In this competition, we predict whether a customer will make an insurance claim.

# Step1: Import Helpful Libraries #

In [None]:
import pandas as pd
import numpy as np
from sklearn.preprocessing import OrdinalEncoder, StandardScaler
from sklearn.model_selection import KFold
from sklearn.metrics import roc_auc_score

# Step2: Load Data

In [None]:
df_train = pd.read_csv("../input/tabular-playground-series-sep-2021/train.csv", index_col='id')
test = pd.read_csv("../input/tabular-playground-series-sep-2021/test.csv", index_col='id')

FEATURES = list(df_train.columns[:-1])
TARGET = df_train.columns[-1]

df_train.head()

The target `'claim'` has binary outcomes: `0` for no claim and `1` for claim.

In [None]:
df_train.info()
df_train.describe()

# Missing Values
Refer to [TPS Sep 2021 single LGBM](https://www.kaggle.com/hiro5299834/tps-sep-2021-single-lgbm/notebook) by [@hiro5299834](https://www.kaggle.com/hiro5299834)

In [None]:
df_train['n_missing'] = df_train[FEATURES].isna().sum(axis=1)
test['n_missing'] = test[FEATURES].isna().sum(axis=1)
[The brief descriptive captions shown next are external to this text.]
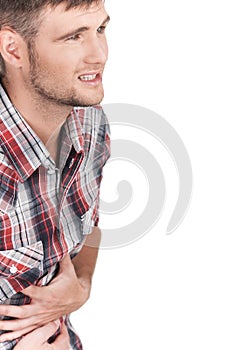 Young man with strong stomach pain isolated on white background.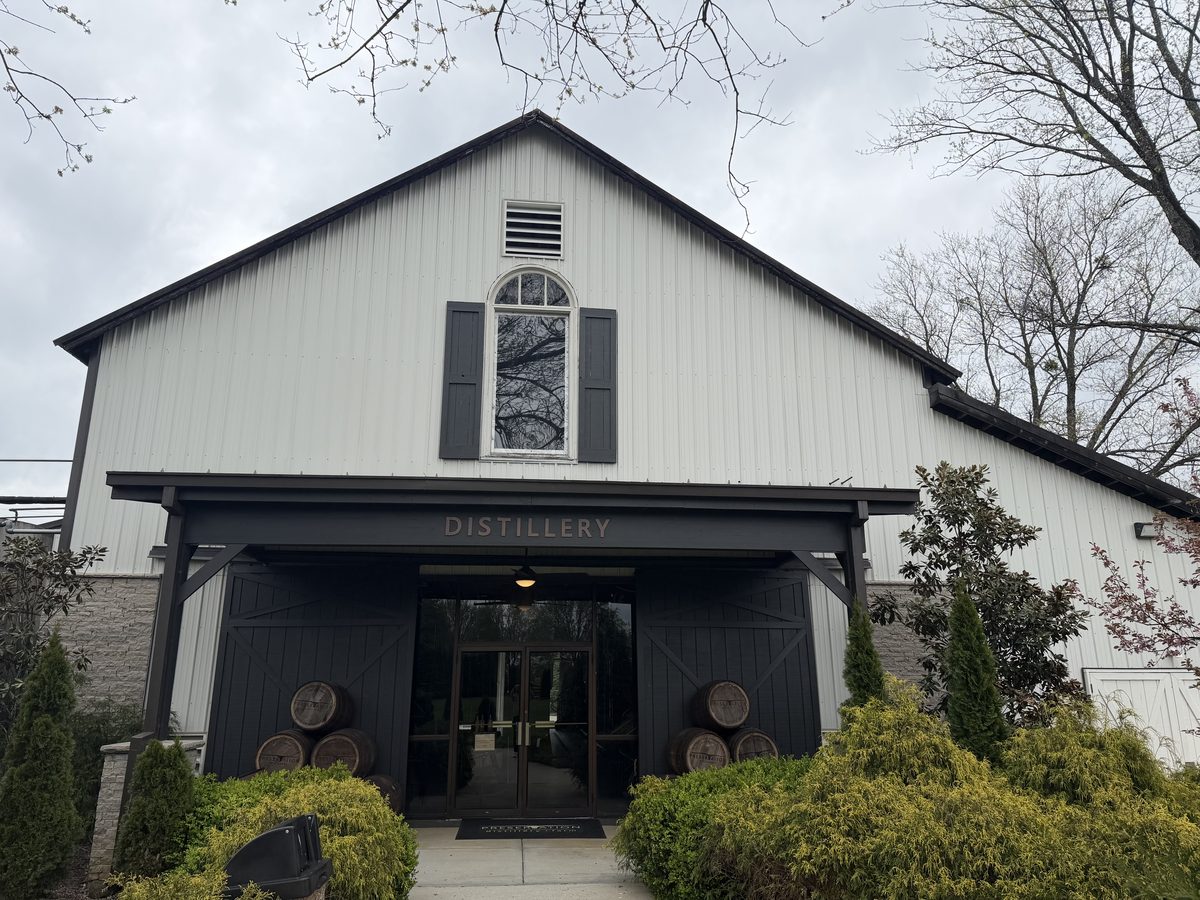 Preservation Distillery full exterior view of the white barn building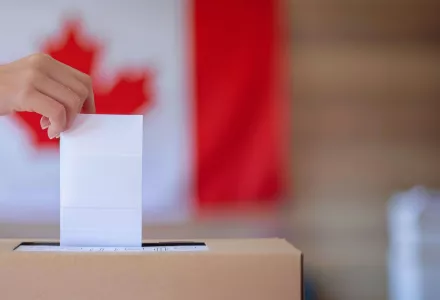 A Canadian casts a vote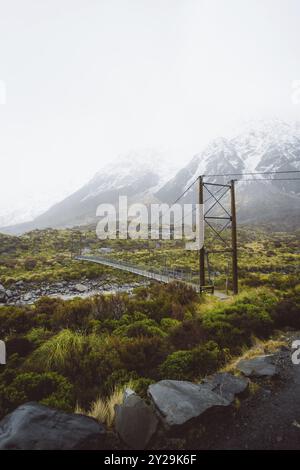 Pont suspendu dans un paysage montagneux avec des prairies et des rochers sous un ciel nuageux, Hooker Valley Track, Nouvelle-Zélande, Océanie Banque D'Images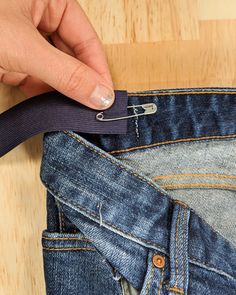 a person is opening the back pocket of their jeans with a pair of scissors in it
df_train['std'] = df_train[FEATURES].std(axis=1)
test['std'] = test[FEATURES].std(axis=1)

df_train['mean'] = df_train[FEATURES].mean(axis=1)
test['mean'] = test[FEATURES].mean(axis=1)
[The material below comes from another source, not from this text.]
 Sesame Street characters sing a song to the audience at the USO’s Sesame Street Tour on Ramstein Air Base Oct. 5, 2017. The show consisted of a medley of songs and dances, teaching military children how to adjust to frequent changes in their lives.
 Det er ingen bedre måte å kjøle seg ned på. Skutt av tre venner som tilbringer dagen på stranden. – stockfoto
FEATURES += ['n_missing', 'std', 'mean']

# Step3: Train Model #

Let's try out a simple XGBoost model. This algorithm can handle missing values, but you could try imputing them instead.  We use `XGBClassifier` (instead of `XGBRegressor`, for instance), since this is a classification problem.

In [None]:
from xgboost import XGBClassifier

X = df_train.loc[:, FEATURES]
y = df_train.loc[:, TARGET]

final_predictions = []
kf = KFold(n_splits=10, shuffle=True, random_state=42)
for fold, (train_indicies, valid_indicies) in enumerate(kf.split(X=X)):
    X_train = X.loc[train_indicies]
    X_valid = X.loc[valid_indicies]
    X_test = test.copy()
    
    y_train = y.loc[train_indicies]
    y_valid = y.loc[valid_indicies]
    
    
    scaler = StandardScaler()
    X_train[FEATURES] = scaler.fit_transform(X_train[FEATURES])
    X_valid[FEATURES] = scaler.transform(X_valid[FEATURES])
    X_test[FEATURES] = scaler.transform(X_test[FEATURES])
    
    model = XGBClassifier(
        max_depth=3,
        subsample=0.5,
        colsample_bytree=0.5,
        learning_rate= 0.01187431306013263,
        n_estimators= 10000,
        n_jobs=-1,
        use_label_encoder=False,
        objective='binary:logistic',
        tree_method='gpu_hist',  # Use GPU 
        gpu_id=0,
        predictor='gpu_predictor',
    )
    model.fit(X_train, y_train,
             verbose = False,
             eval_set = [(X_train, y_train), (X_valid, y_valid)],
             eval_metric = "auc",
             early_stopping_rounds = 200)
    
    preds_valid = model.predict_proba(X_valid)[:,1]
    preds_test = model.predict_proba(X_test)[:,1]
    final_predictions.append(preds_test)
    print(fold, roc_auc_score(y_valid, preds_valid))

# Make Submission #

Our predictions are binary 0 and 1, but you're allowed to submit probabilities instead. In scikit-learn, you would use the `predict_proba` method instead of `predict`.

In [None]:
preds = np.mean(np.column_stack(final_predictions), axis=1)

# Make predictions
y_pred = pd.Series(
    preds,
    index=X_test.index,
    name=TARGET,
)

# Create submission file
y_pred.to_csv("submission.csv")